Another thing I did previous was to remove the Destination
metrics, and only record metrics at the source. I did this by editing the EnvoyFilter
to remove the SIDECAR_INBOUND
section. In the new Telemetry API the terminology is CLIENT
and SERVER
, so in our example, we want to remove the SERVER
metrics:
spec:
metrics:
- providers:
- name: prometheus
overrides:
- disabled: true
match:
metric: ALL_METRICS
mode: SERVER
telemetry.yaml
That's about it for prometheus!
Tracing
My original driver for moving to Telemetry V2 was to enable me to explore sending tracers to another tracer than Jaeger. The documentation gives the following example:
apiVersion: telemetry.istio.io/v1alpha1
kind: Telemetry
metadata:
name: mesh-default
namespace: istio-system
spec:
tracing:
- providers:
- name: <name>
telemetry.yaml
And here's the gotcha; notice that providers is an array, however - it can't take an array. You can only send to a single tracer at any time and if you put multiple items in here, only the first will be used. I would assume (and hope) that the plan is to add support for multiple in the future.

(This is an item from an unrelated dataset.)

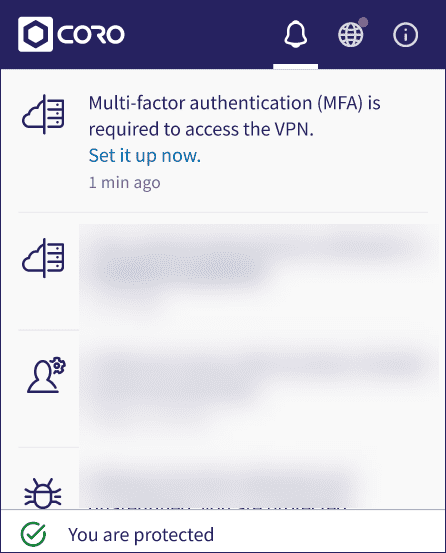 MFA notification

Ignoring the gotcha above, these are the changes I needed to make in my meshConfig
:
spec:
meshConfig:
enableTracing: false
extensionProviders:
- name: zipkin
zipkin:
service: zipkin.istio-system.svc.cluster.local
port: 9411
maxTagLength: 1024
- name: opencensus
opencensus:
service: app.apm.svc.cluster.local
port: 80
maxTagLength: 1024
context:
- B3
istiooperator.yaml
This replaced this section:
spec:
defaultConfig:
tracing:
max_path_tag_length: 1024
zipkin:
address: zipkin.istio-system.svc.cluster.local
istiooperator.yaml
Things to note here, similar to the above example where i disabled telemetry I also set enableTracing: false
. Extension providers are well documented, think of these as configuration options for potential destinations - which we'll reference in the Telemetry CRD. In the example above you can see that I've confugred two options. Note how i'm using B3
as the context for opencensus
, that enables me to switch between the two and use the same header propogation method as Zipkin.

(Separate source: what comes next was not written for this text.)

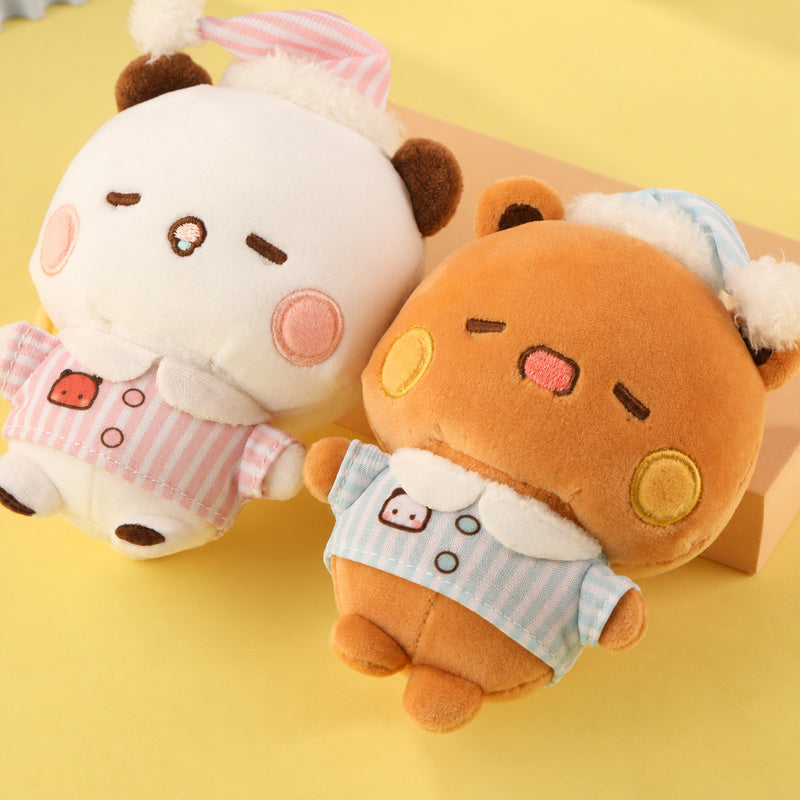 Bubu & Dudu Cozy Pajamas Plush Keychain Set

Another gotcha here is that the new Telemetry system uses EDS to discover endpoints for the extensionProvider. That means if you use a Sidecar
resource, you must have the host defined. Here's an example mesh global Sidecar:
apiVersion: networking.istio.io/v1beta1
kind: Sidecar
metadata:
name: default
namespace: istio-system
spec:
egress:
- hosts:
- istio-system/zipkin.istio-system.svc.cluster.local
- kube-system/kube-dns.kube-system.svc.cluster.local
- core-system/logstash.core-system.svc.cluster.local
sidecar.yaml
Without this, your Sidecar
will fail to load the new config as it'll complain about an unknown Cluster. I don't think the UX there is great, and raised it on GitHub.

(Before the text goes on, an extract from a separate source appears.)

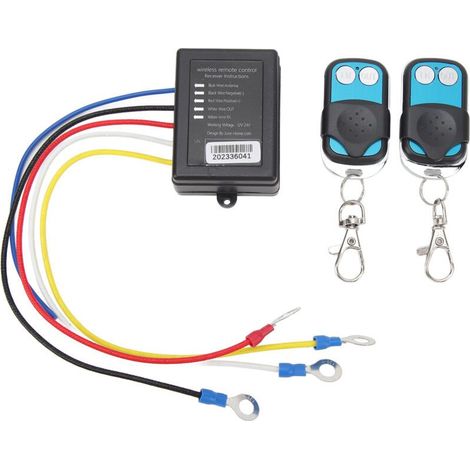 Kit de Télécommande de Treuil sans Fil, Universel, adapté pour Camion, ATV, SUV, Portée de 50 Pieds, DC12V 24V (1/5)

In order to active your new configuration; you add the following section to your telemetry config:
apiVersion: telemetry.istio.io/v1alpha1
kind: Telemetry
metadata:
name: default
namespace: istio-system
spec:
tracing:
- providers:
- name: zipkin
randomSamplingPercentage: 10
telemetry.yaml
Here you can see i've referenced the provider I created above, with a sample rate of 10%.
Conclusion
That's broadly it. Having a first class API for Telemetry is great. Being able to create application-specific overrides with targetted CR's is lovely.
Migrating wasn't too bad, hopefully this doc will make it a little simpler for the next person.